Assignment: Go through the material and copy each line in which the word "Style" shows up.
(Beginning of Data excerpts)
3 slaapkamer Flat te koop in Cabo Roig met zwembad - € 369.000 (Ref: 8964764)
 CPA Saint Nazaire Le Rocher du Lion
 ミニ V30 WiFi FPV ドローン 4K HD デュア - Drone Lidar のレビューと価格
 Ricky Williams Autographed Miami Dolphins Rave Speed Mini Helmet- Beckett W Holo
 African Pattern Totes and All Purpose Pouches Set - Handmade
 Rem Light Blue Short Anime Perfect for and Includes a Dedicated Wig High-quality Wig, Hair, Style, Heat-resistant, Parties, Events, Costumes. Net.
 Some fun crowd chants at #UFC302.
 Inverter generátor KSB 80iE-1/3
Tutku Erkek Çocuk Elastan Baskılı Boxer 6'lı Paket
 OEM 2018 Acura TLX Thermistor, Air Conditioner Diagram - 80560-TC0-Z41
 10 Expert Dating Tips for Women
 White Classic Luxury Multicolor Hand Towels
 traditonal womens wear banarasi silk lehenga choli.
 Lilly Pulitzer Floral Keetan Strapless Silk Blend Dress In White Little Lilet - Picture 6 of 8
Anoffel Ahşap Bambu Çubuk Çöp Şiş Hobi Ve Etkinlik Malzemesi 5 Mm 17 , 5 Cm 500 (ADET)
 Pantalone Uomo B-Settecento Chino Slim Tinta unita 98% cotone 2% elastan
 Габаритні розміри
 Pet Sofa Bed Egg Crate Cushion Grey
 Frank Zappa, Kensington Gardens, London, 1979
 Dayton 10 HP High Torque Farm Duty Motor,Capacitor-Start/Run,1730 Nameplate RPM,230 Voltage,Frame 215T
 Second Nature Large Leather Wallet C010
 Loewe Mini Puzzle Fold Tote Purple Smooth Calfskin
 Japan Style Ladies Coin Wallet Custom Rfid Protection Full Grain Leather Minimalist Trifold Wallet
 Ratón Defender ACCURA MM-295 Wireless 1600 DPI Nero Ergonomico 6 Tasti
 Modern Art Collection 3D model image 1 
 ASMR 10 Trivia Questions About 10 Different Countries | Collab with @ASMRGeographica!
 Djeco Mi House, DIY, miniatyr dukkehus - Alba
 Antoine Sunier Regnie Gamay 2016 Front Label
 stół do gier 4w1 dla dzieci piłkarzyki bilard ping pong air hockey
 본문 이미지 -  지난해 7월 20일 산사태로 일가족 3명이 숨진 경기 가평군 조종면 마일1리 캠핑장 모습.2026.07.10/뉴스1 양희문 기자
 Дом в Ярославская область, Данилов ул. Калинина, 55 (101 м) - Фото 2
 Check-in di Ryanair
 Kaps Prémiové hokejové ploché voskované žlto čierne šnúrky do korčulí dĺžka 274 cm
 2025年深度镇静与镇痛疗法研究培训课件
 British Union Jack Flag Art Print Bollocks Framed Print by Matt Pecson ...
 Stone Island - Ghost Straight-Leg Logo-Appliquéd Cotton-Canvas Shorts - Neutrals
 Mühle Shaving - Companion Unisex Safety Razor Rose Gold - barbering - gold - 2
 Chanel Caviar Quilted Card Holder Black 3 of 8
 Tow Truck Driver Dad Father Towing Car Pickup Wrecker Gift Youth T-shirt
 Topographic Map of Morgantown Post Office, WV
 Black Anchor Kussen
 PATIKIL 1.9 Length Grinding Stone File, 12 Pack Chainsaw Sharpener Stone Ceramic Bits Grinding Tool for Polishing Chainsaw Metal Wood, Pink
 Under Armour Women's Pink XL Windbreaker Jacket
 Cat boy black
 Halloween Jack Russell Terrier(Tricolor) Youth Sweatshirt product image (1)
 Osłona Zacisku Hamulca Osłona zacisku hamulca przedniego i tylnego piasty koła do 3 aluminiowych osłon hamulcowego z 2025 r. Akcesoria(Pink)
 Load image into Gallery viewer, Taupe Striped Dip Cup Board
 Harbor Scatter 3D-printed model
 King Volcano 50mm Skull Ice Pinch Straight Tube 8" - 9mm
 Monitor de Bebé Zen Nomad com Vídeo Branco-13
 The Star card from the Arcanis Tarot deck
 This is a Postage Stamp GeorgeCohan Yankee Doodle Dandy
(End of Data excerpts)
Response area:
 Rem Light Blue Short Anime Perfect for and Includes a Dedicated Wig High-quality Wig, Hair, Style, Heat-resistant, Parties, Events, Costumes. Net.
 Japan Style Ladies Coin Wallet Custom Rfid Protection Full Grain Leather Minimalist Trifold Wallet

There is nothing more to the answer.